Y la solución, que siempre estuvo ahí pero nunca nadie puso sobre la mesa, empieza a emerger: colegiarse. Falta un tiempo, pero el momento en que la homologación de las agencias dentro de un marco regulatorio que dirá quién y quién no es una agencia de publicidad, está cerca.

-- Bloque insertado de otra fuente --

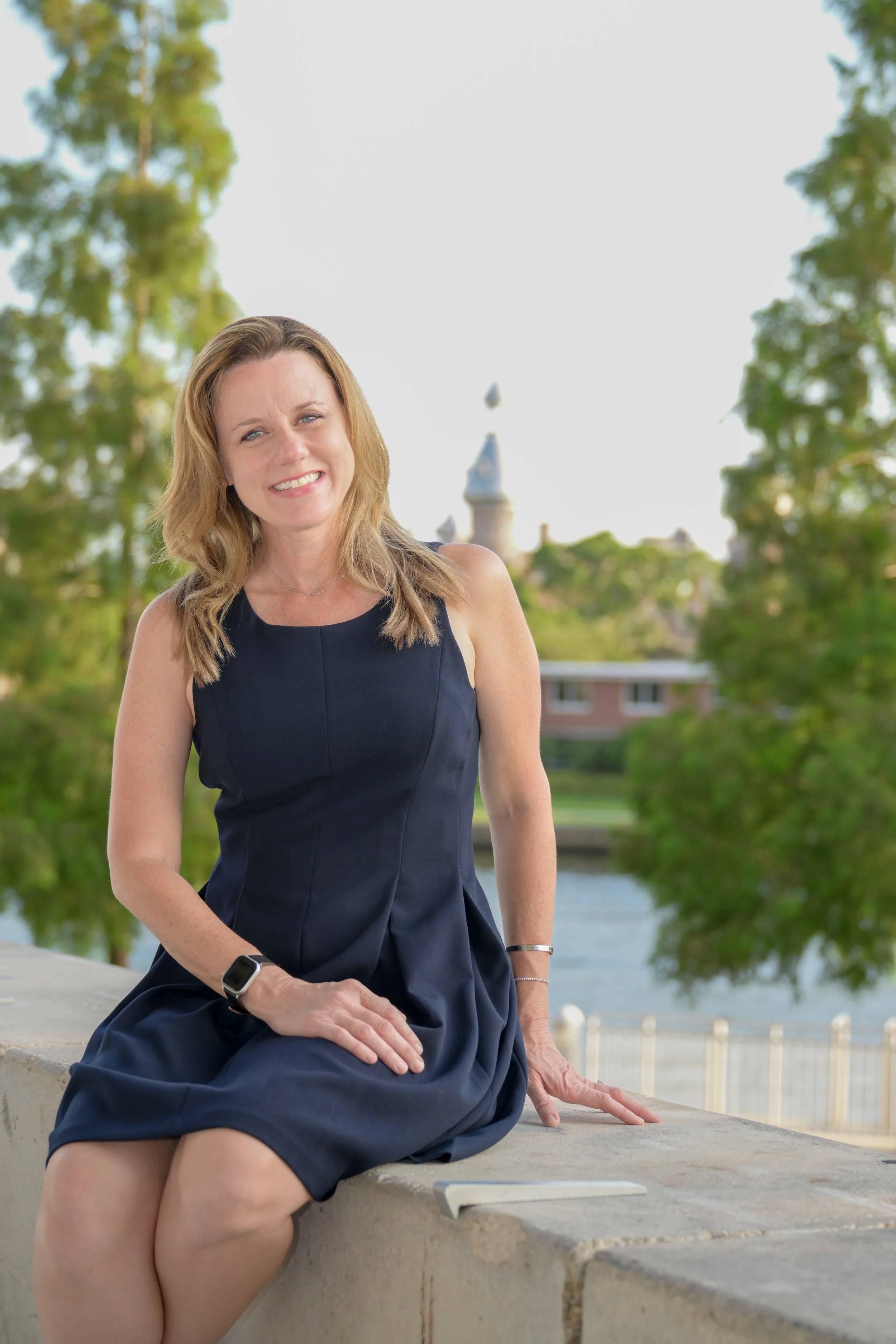 A photograph showing Dr. Rebekah Hellier seated on a stone wall in Downtown Tampa, Florida smiling.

“Hoy tenemos detectadas 80 ‘agencias de publicidad’ que aparecen en los medios como tales, pero que no pertenecen a la asociación –dice Olivera–. Eso significa menos talento, menos calidad y más problemas para los anunciantes. Sabemos que la publicidad es la marca, no es la publicidad de la marca. Si el talento emigra a otras actividades, si la calidad no se cuida colegiadamente, si no se certifica quién puede y quién no ejercer fidedignamente la actividad. La homologación que proponemos será gradual, y tendrá que ver con la estructura del servicio de cada organización y no con su pertenencia o no a la asociación. Habrá agencias homologadas que serán no-socias, y las habrá al revés. Pero terminará con la noción de que hay mejores y peores agencias. Una empresa será una agencia o no lo será, punto”.
“¿Un proceso gradual? –se pregunta un miembro del directorio de la AAP, quien pidió no ser identificado para no ser señalado por violar el secreto de las actuaciones de ese cuerpo–. No será gradual nada, será darwiniano, y si se puede, salvaje. No hay tiempo, no hay margen, no hay oxígeno. Se acabó”.